• Brief: Beginning at the line that contains "Studio DIY Pink" and finishing at the line that contains "Handcrafted Crochet Harley", output the data below exactly. Include both end lines and no pictures.

• Given records:
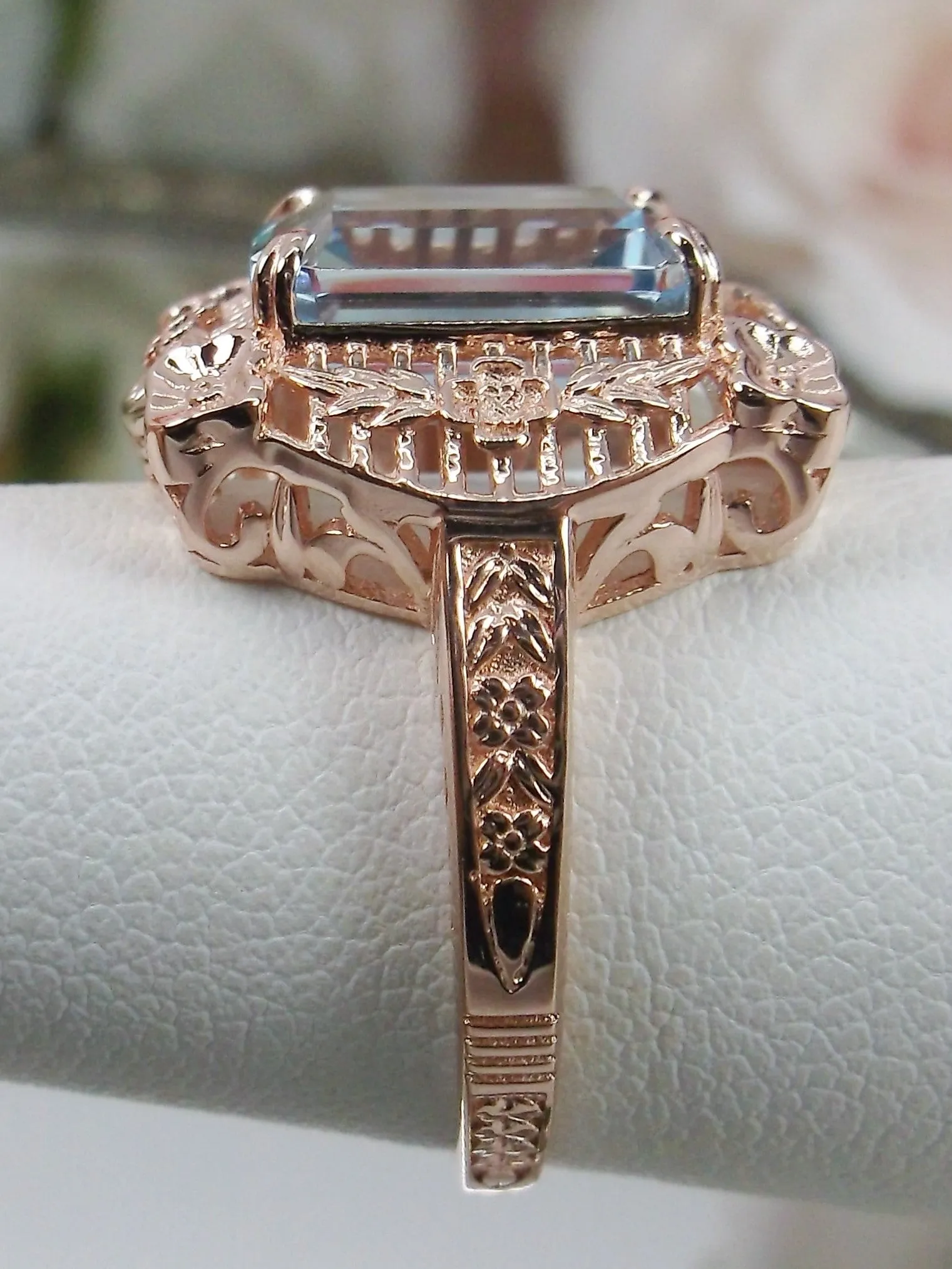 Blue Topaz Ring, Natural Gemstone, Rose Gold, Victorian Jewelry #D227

* * *

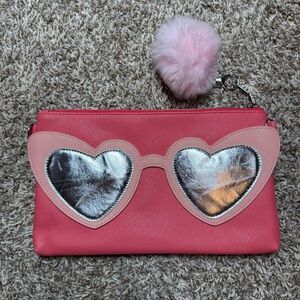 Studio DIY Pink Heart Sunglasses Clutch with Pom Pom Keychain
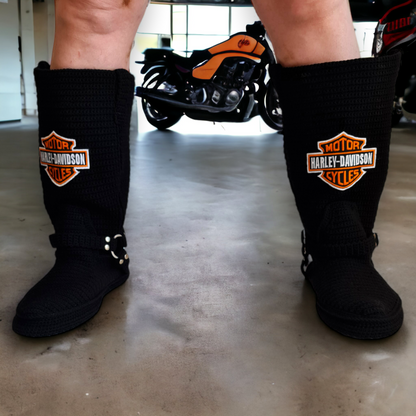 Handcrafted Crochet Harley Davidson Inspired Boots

==

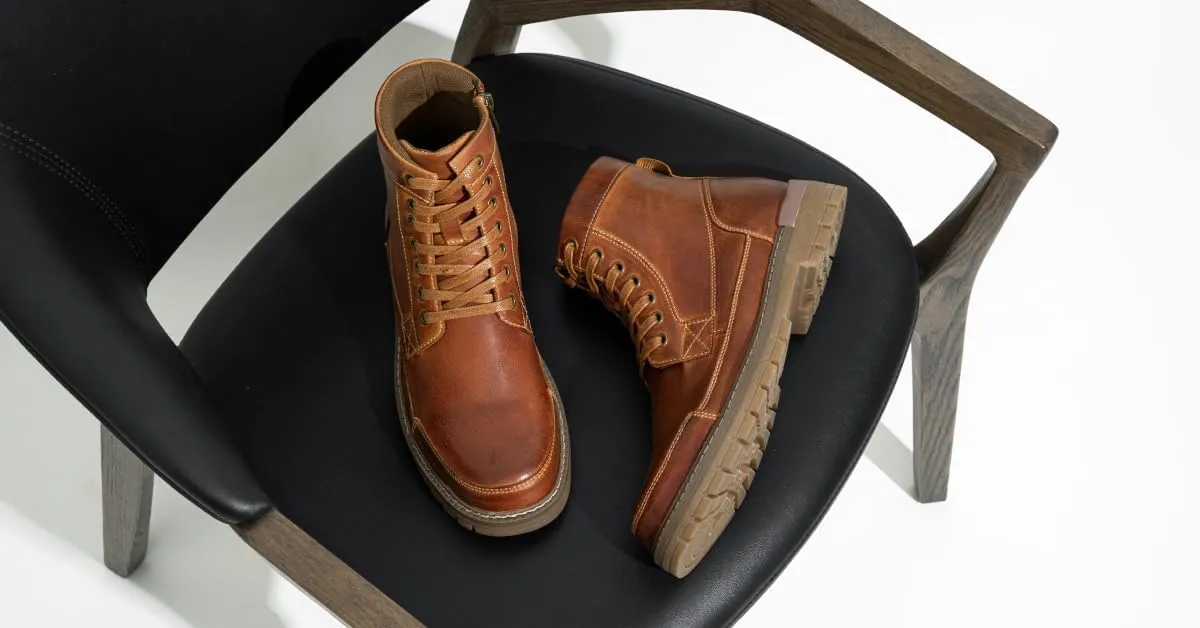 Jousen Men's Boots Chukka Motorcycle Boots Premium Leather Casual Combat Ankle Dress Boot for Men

• Response below:
 Studio DIY Pink Heart Sunglasses Clutch with Pom Pom Keychain
 Handcrafted Crochet Harley Davidson Inspired Boots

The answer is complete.